3) Design for Audits, FOI, and Discovery from Day One
- Log prompts, retrieved knowledge, and outputs—with privacy protections—so staff can explain how an answer was generated and respond to Freedom of Information requests and litigation.
- Implement role-based access, redaction, and retention controls so logs can be shared without exposing sensitive data.

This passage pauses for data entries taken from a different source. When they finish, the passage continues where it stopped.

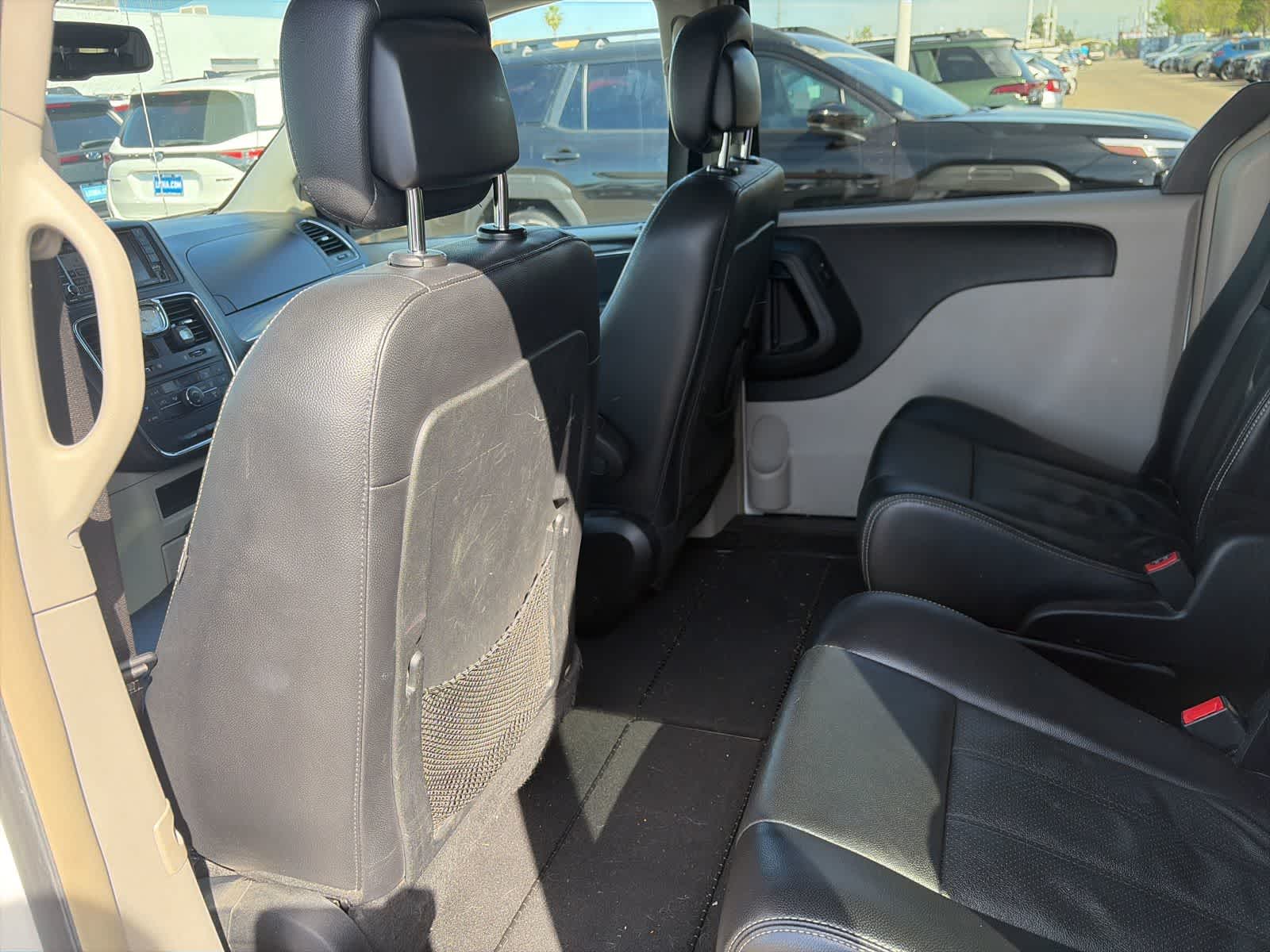 Thumbnail: 2012 Chrysler Town & Country - 21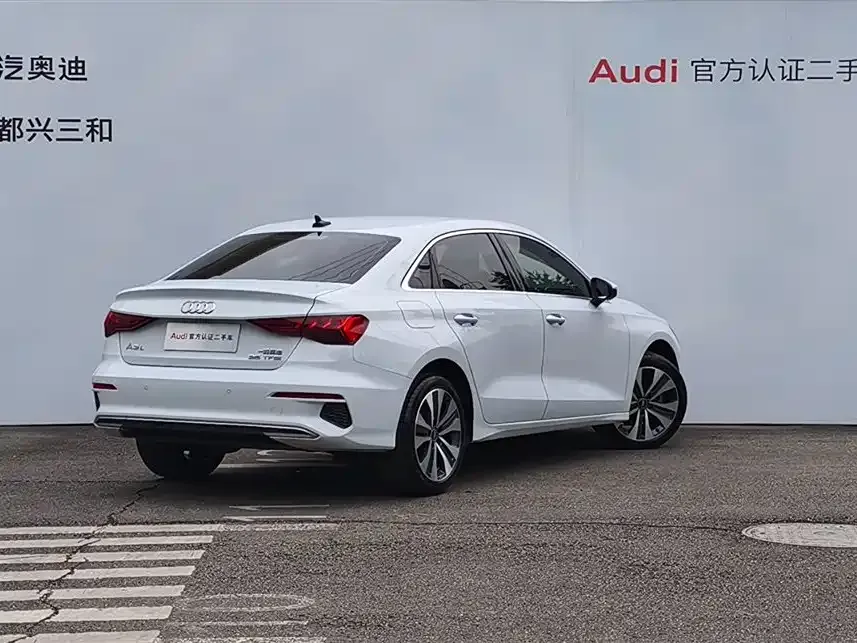 Audi A3 2023 из CN, фото 4
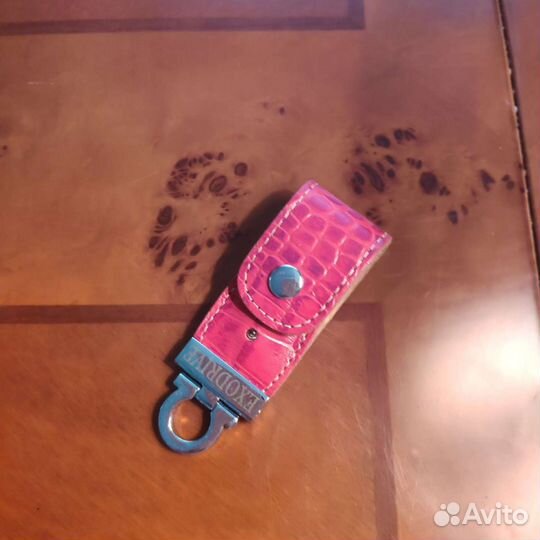 Флешка в кожаном чехле Крокодил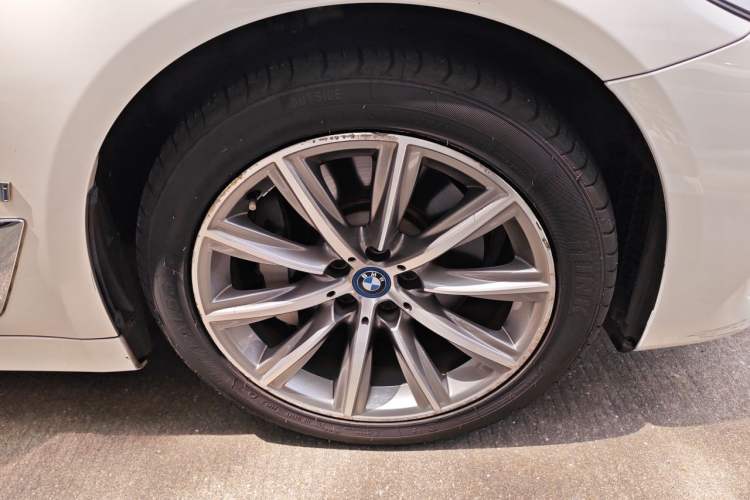Used BMW 5 Series New Energy 2019 530Le Luxury Package Right Front Wheel Hub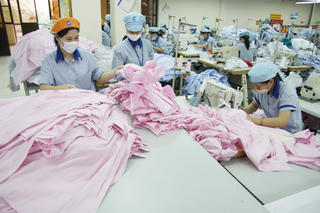 Doanh nghiệp Việt tham gia chuỗi cung ứng toàn cầu: Cơ hội đi cùng thách thức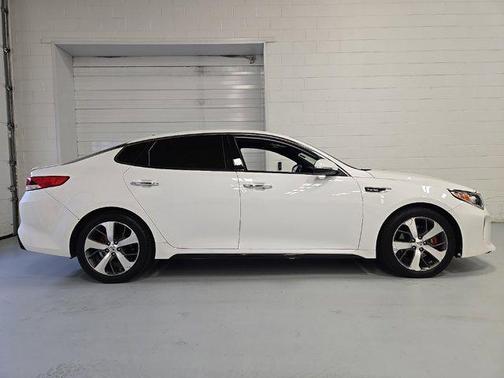 2016 Kia Optima SX Turbo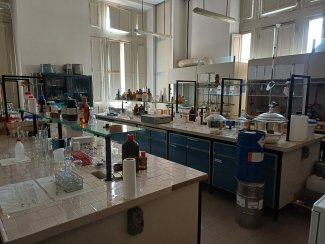 Laboratorio di Sintesi Chimica Farmaceutica 1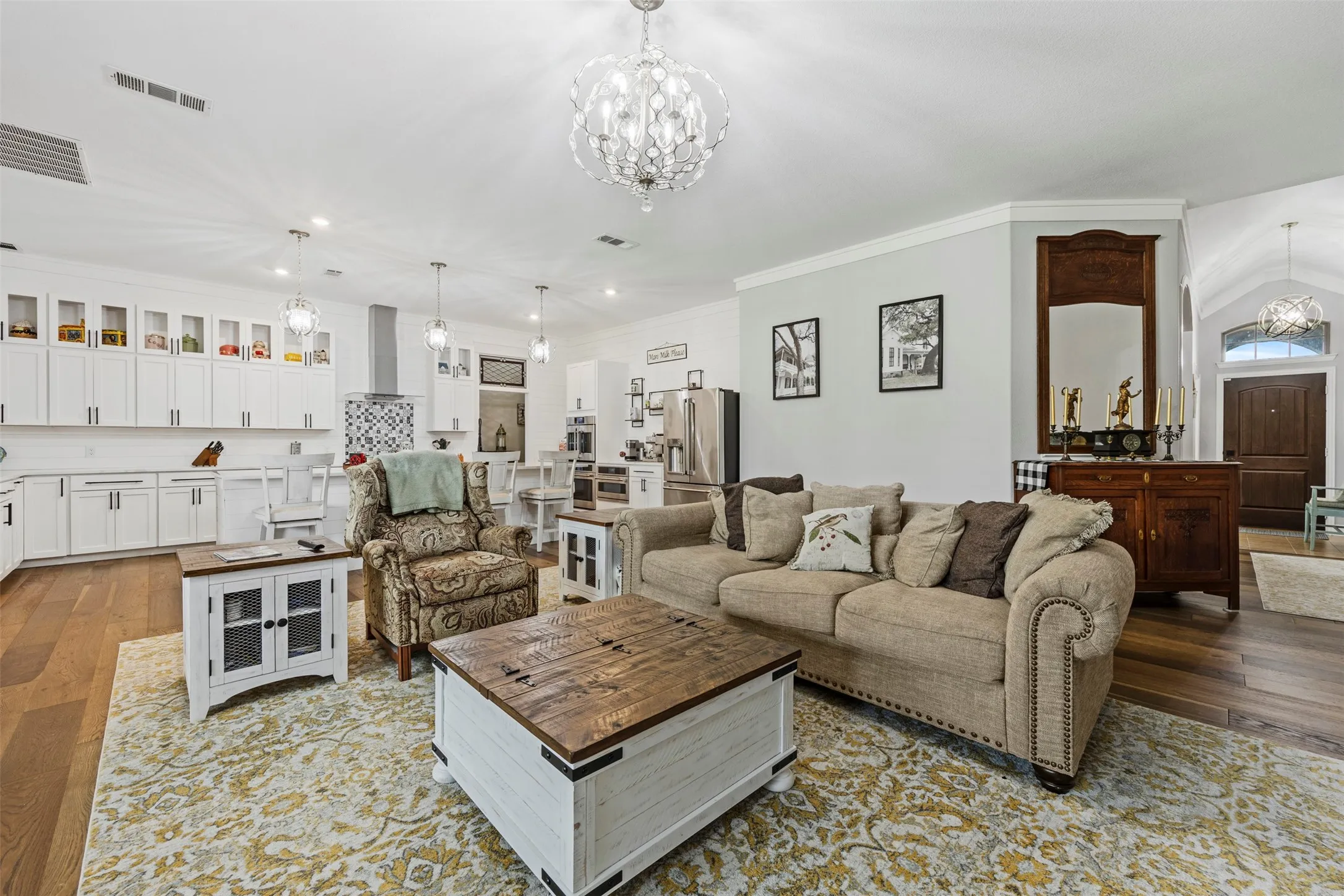 Single Family Residence For Sale in Ellis County , 1111 Yukon Boulevard, Waxahachie, Texas 75167, 4 Bedroom, 4 Bathroom, 2 Garage spaces, 3,064 Sqft, built in 2017, mls#21272550, Real Estate Agent in Waxahachie, Homes For Sale in Ellis county, Homes For Sale in Waxahachie, Realtor in Waxahachie Texas, Real Estate Brokerage Independent Realty Texas, Luminita Cordes Realtor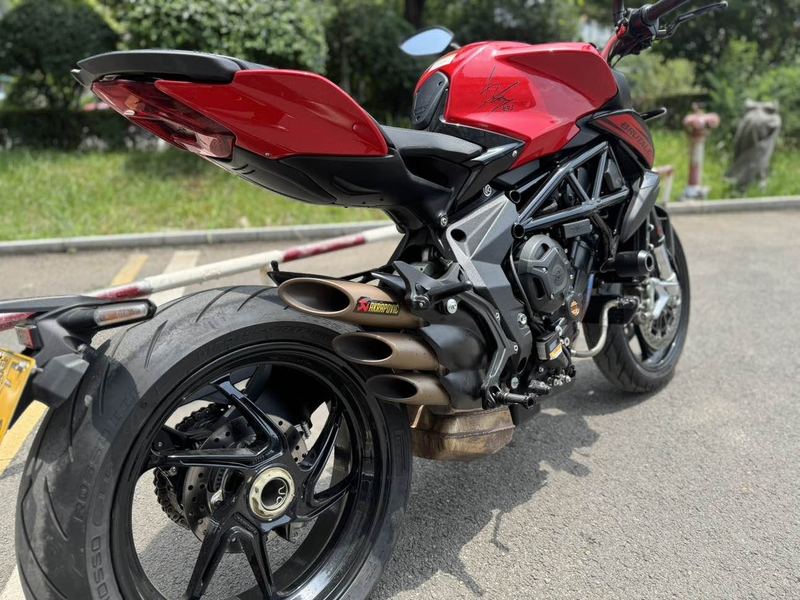 二手奥古斯塔Brutale 800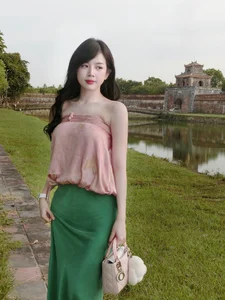 DJ Mie Mesmerizes Fans with Ancient Vietnamese Attire in Historic Hoi An - image 6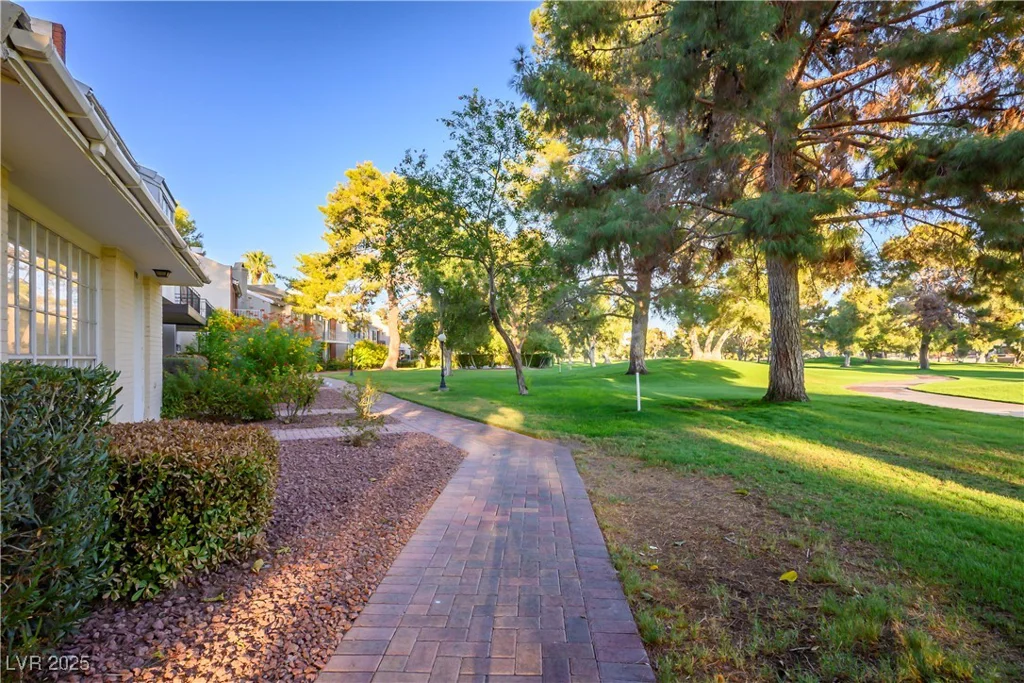 796 Tam O Shanter, Las Vegas, NV 89109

- Adopt open reporting on model updates and known issues.
4) Test the Bot and Measure Real-World Impact
- Test against domain-specific harms: misinformation, denial of service, procedural unfairness, data leakage, and prompt injection.
- Track user outcomes: Did the bot actually reduce wait times? Did it mis-route vulnerable users? Adjust or shut down features that don’t meet your service goals.
- Use a recognized framework, such as the NIST AI RMF and its Generative AI profile, to structure testing, documentation, and risk acceptance. NIST profile.
5) Never Replace Clinical or Legal Judgment with a General-Purpose Chatbot
- Health, mental health, and legal contexts require domain-specific guardrails, licensed professionals, and clear escalation paths. Independent reporting in the UK has highlighted the risks of over-reliance, with the NHS warning against treating chatbots as therapists. See reporting.
6) Procure for Accountability, Not Just Features
- Require vendors to provide safety documentation, facilitate audits, support transparency reporting, and indemnify the agency for misrepresentations.
- Specify that training or fine-tuning data and prompt libraries used for your government deployment meet your legal requirements and can be reviewed under appropriate confidentiality.
A Practical Build-or-Buy Checklist
Before Launch
- Governance
- Name a senior responsible owner and establish an AI governance board.
- Classify the use case: informational, triage, or decision-support. Anything impacting rights gets the highest scrutiny.
- Privacy and Security
- Analyze the chatbot for security threats. Implement data minimization, data loss prevention (DLP), and secure credential management.
- Provide a clear consent and privacy notice; avoid collecting sensitive data unless essential.
- Model and Content
- Use retrieval-augmented generation (RAG) with a vetted knowledge base. Freeze and version your content. Avoid unconstrained web searches in production.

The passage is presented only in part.